Large-scale magnetic fields can explain the baryon asymmetry of the Universe

TL;DR

This paper proposes that large-scale helical magnetic fields in the early Universe can generate the observed baryon asymmetry through the chiral anomaly, aligning with blazar observations and providing new constraints on magnetic field strength.

Contribution

It demonstrates that primordial helical hypermagnetic fields can produce baryon asymmetry without beyond-standard-model physics, using numerical solutions of the Boltzmann equation and deriving new bounds.

Findings

Baryon asymmetry can be explained by primordial magnetic fields with negative helicity.

The model aligns with observed large-scale magnetic fields from blazar data.

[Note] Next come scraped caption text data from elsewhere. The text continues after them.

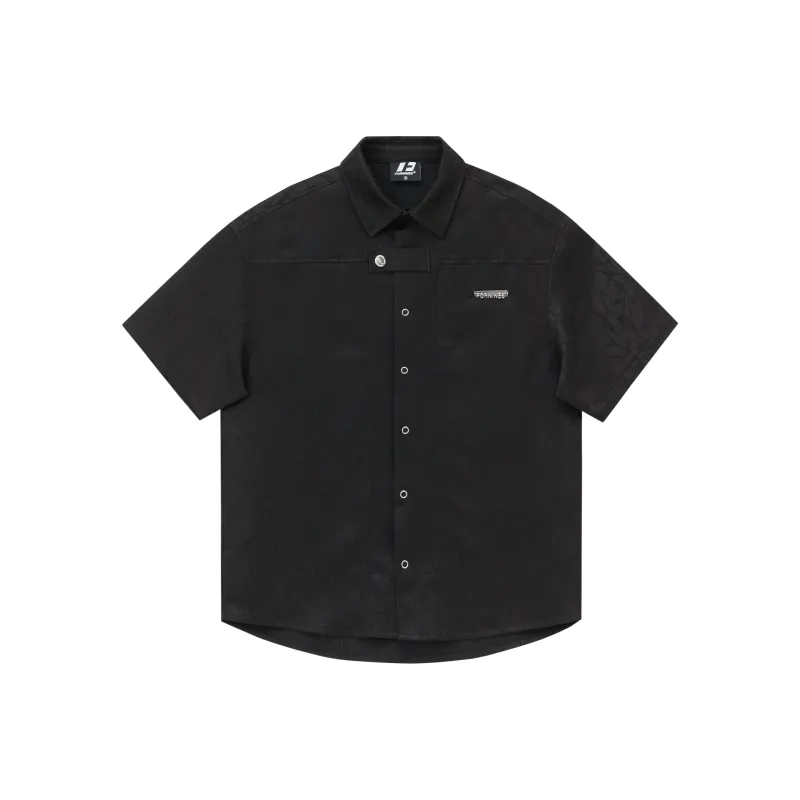 FORNINES Shirts Unisex-2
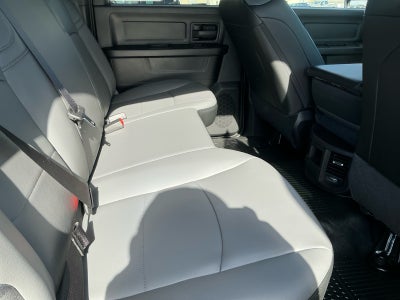 2027 RAM Ram 3500 RAM 3500 TRADESMAN CREW CAB 4X4 8' BOX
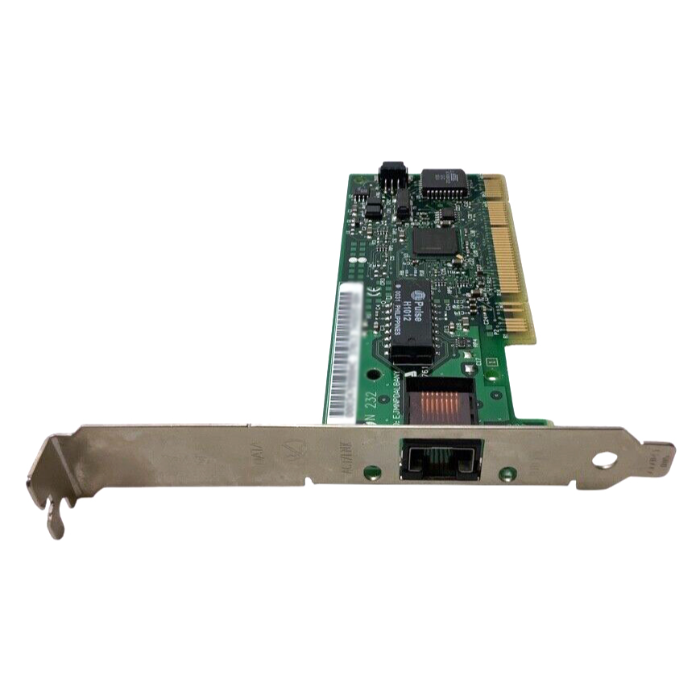Buy Intel 749225-003 | 10/100 PCI Network Interface Card Refurbished - $106.15 Intel 749225-003 | 10/100 PCI Network Interface Card Refurbished - Intel refurbished available on Gotodirect
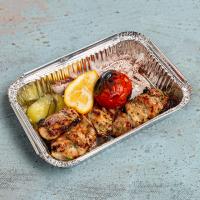 خوراک جوجه کباب ران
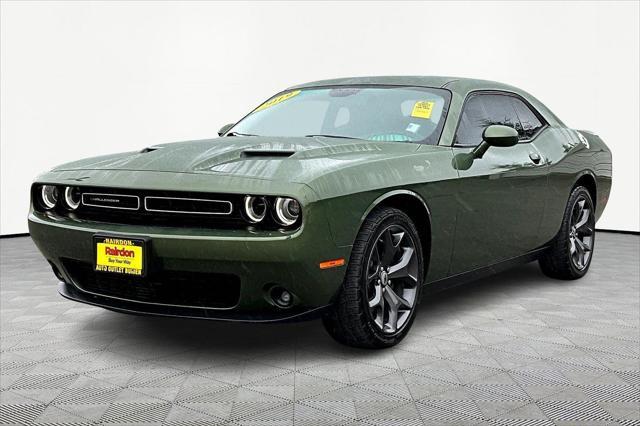 used 2019 Dodge Challenger car, priced at $21,977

A tighter upper bound on magnetic field strength is established to prevent overproduction.

Abstract

Helical hypermagnetic fields in the primordial Universe can produce the observed amount of baryon asymmetry through the chiral anomaly without any ingredients beyond the standard model of particle physics. While they generate no $B-L$ asymmetry, the generated baryon asymmetry survives the spharelon washout effect, because the generating process remains active until the electroweak phase transition. Solving the Boltzmann equation numerically and finding an attractor solution, we show that the baryon asymmetry of our Universe can be explained, if the present large-scale magnetic fields indicated by the blazar observations have a negative helicity and existed in the early Universe before the electroweak phase transition. We also derive the upper bound on the strength of the helical magnetic field, which is tighter than the cosmic microwave background constraint, to avoid the overproduction of baryon asymmetry.